Better Business Bureau offers the following advice to help select a trustworthy estate sale service:

  • Start with trust. Check out any business at to view their BBB Business Review free of charge. There you will find the company’s history of complaints and contact information. For a list of Accredited Businesses, go to
  • Shop around. Set up appointments to interview at least two or three services. Ask a trusted realtor, banker or attorney for recommendations.
  • Do your research. Before setting up an initial consultation, ask how long the estate sales agent has been in business, whether they are members of professional associations, if they are bonded and insured, and if they can provide professional references.
  • Ask about fees and commissions. What percentage of the proceeds will the business keep for commissions? Will you be responsible for any up-front or out-of-pocket costs (appraisals, security measures, trash removal)?
  • Find out when and how you will be paid. When are the sales proceeds paid to you and how (cash, cashier’s check)? Will you receive an itemized list of everything that was sold?
  • Know what you’re signing. Do not sign a contract unless you understand the services to be provided, out-of-pocket fees you’ll be charged and how and when you’ll receive payment of the sales proceeds.


  1. Mary Miller says:

    I read on another blog that Janet Craig Holland may still be conducting estate sales through I know she was arrested in San Antonio in March 2014 for theft from an elderly person. Bexar County arrest records indicate she was also charged with fraud and burglary.

  2. Mary Miller says:

    This is the info I found on another site regarding Janet Craig Holland. I have copied it word for word:

    Janet Craig Holland of Clean Sweep Estate Sales is now operating under a different name from a different location. It is called Antiquen Treasures, in Converse, TX. Her name doesn’t appear anywhere, but her home address (where I sent certified letters) is linked to the Facebook page. Her name is not there, and you must enter YOUR information on the website for someone to contact You. She was arrested after the Troubleshooters report aired. But she just changes her business name and location and moves on! How in the world can this woman continue to do business?

    1. Gail Wylie says:

      That is my post above. There has been no activity on her Antiquen Treasures Facebook page since April. It is also shocking that her staff continues to work with her. They have to be aware of what is going on.
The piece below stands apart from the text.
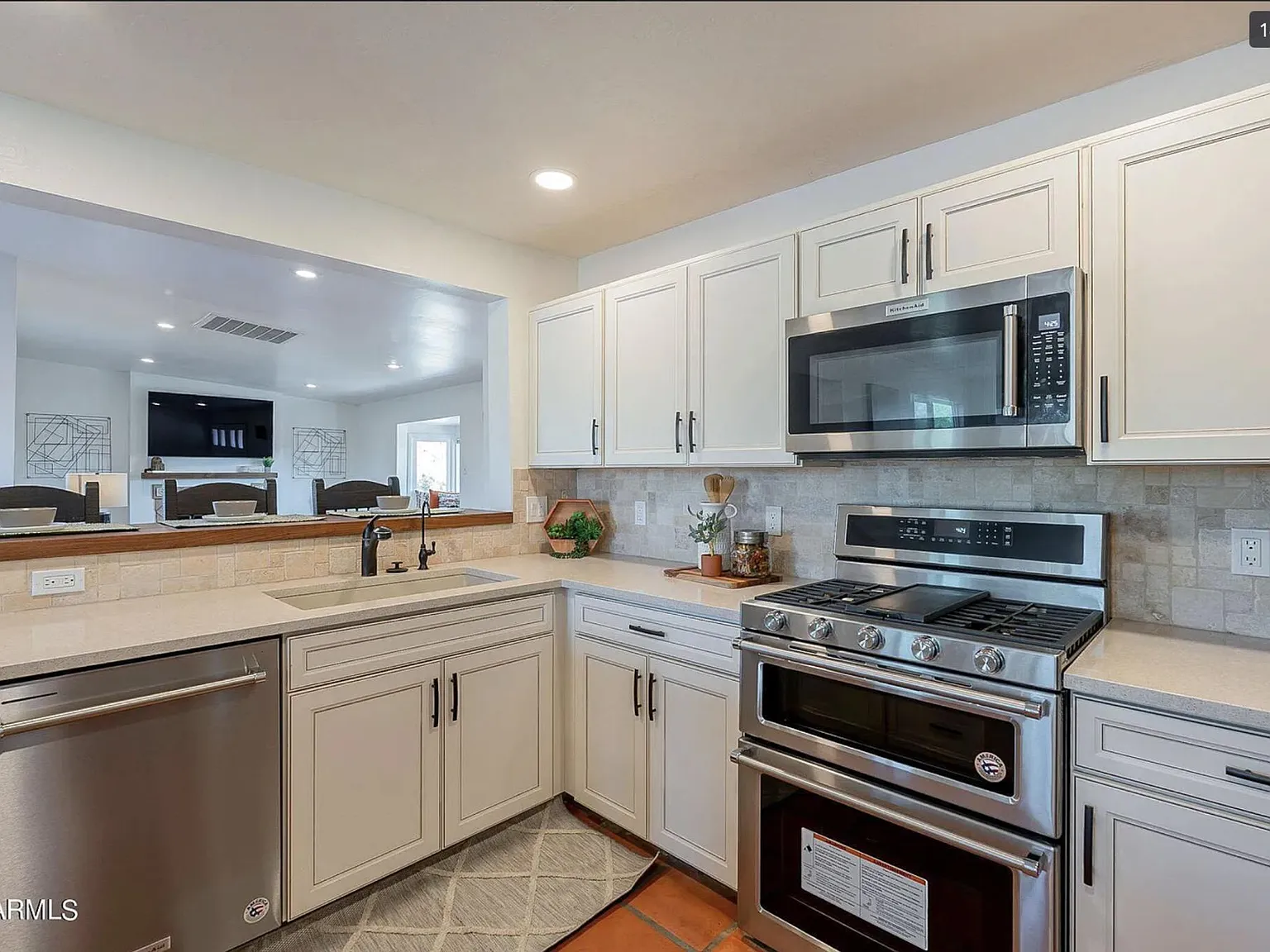 5418 E Yolantha St — Photo 3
My brother went to one of her subsequent sales looking for her, & told her staff we hadn’t gotten paid, and she wasn’t answering calls. She was on a cruise at the time! She got more than she bargained for with us ~ we threatened (and did some artful bluffing about video & lists made before & after the sale) until she finally paid. For others not quite so tenacious, maybe now there will be some justice.

  3. Hope Dufner says:

    Yep, we got ripped off too. Has had our stuff since January and we’ve never been paid.

  4. Gail Wylie says:

    She is now under investigation by the Attorney General’s office. I suggest you turn over anything you have to them to assist with their investigation.

  5. Anne Hardin says:

    My mother and I got ripped off as well. It took months to get paid, and many items were missing from the list that we finally got. She is a crook and a liar.